> **About this task**:
Output all the data exactly. Pictures do not belong in the copy.

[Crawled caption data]
——————————
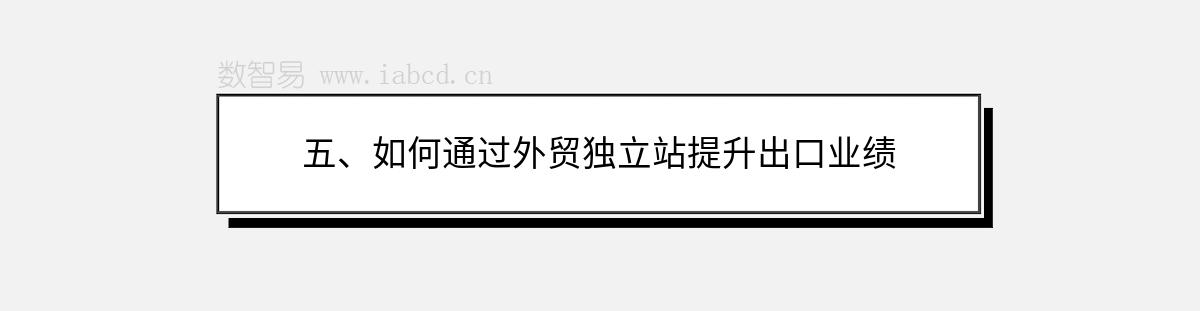 五、如何通过外贸独立站提升出口业绩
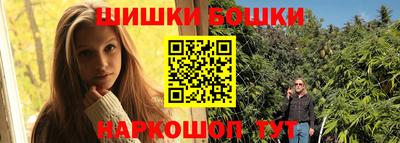 гашишное масло Старая Купавна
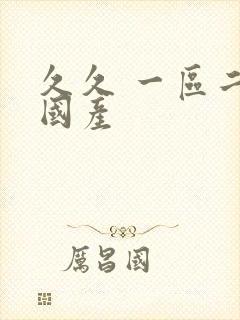 久久 一区二区国产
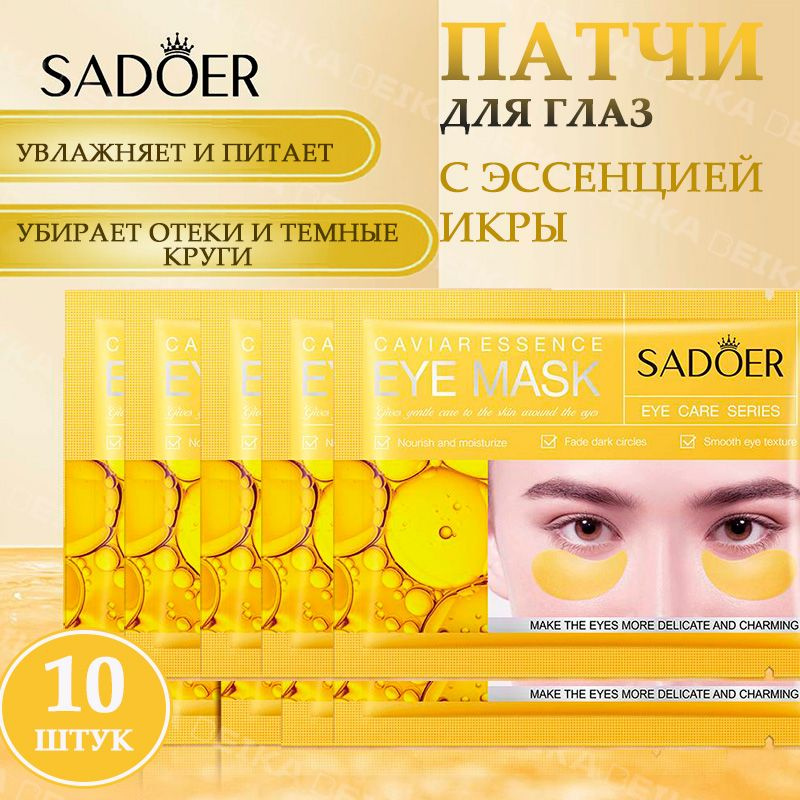 Sadoer Гидрогелевые патчи для глаз с эссенцией икры,10 шт. по 7,5 гр.  #1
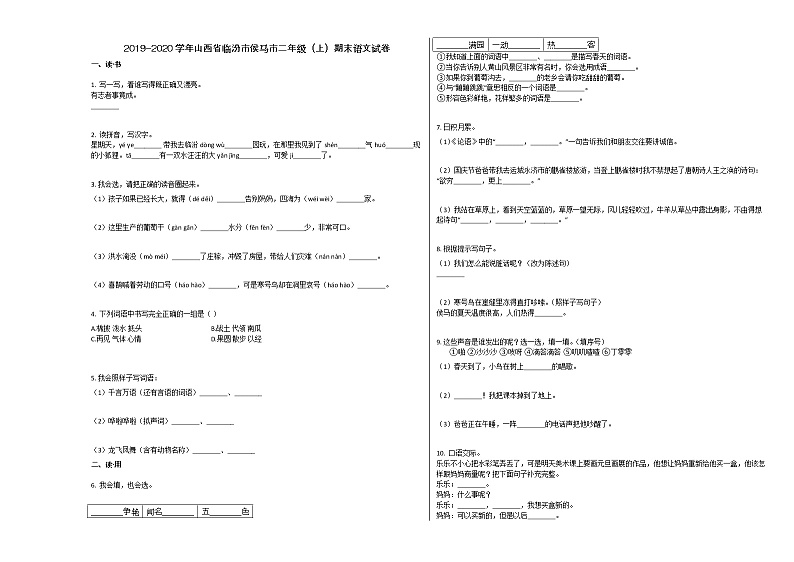 临汾市侯马市2019-2020学年第一学期二年级语文期末试卷第1页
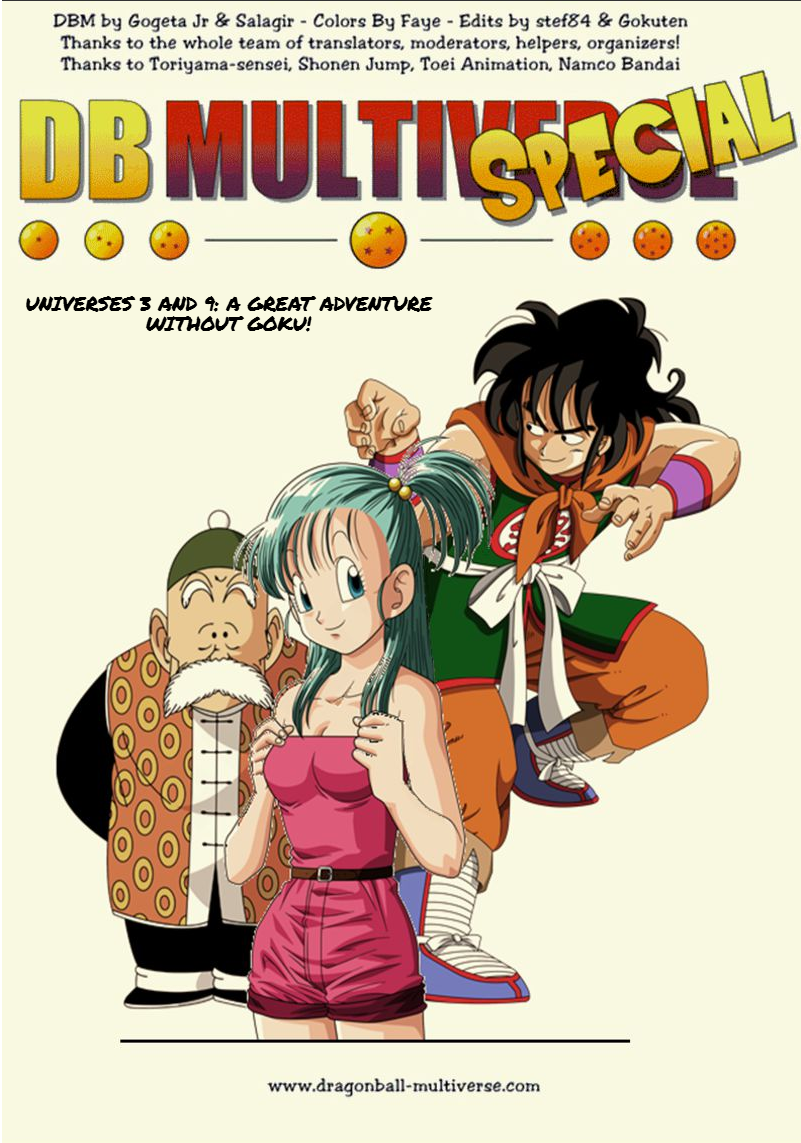 Dragon ball An Earth without Goku 第1页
——————————
> **Answer to this exercise**:
 五、如何通过外贸独立站提升出口业绩
 гашишное масло Старая Купавна
 久久 一区二区国产
 Sadoer Гидрогелевые патчи для глаз с эссенцией икры,10 шт. по 7,5 гр.  #1
 临汾市侯马市2019-2020学年第一学期二年级语文期末试卷第1页
 Dragon ball An Earth without Goku 第1页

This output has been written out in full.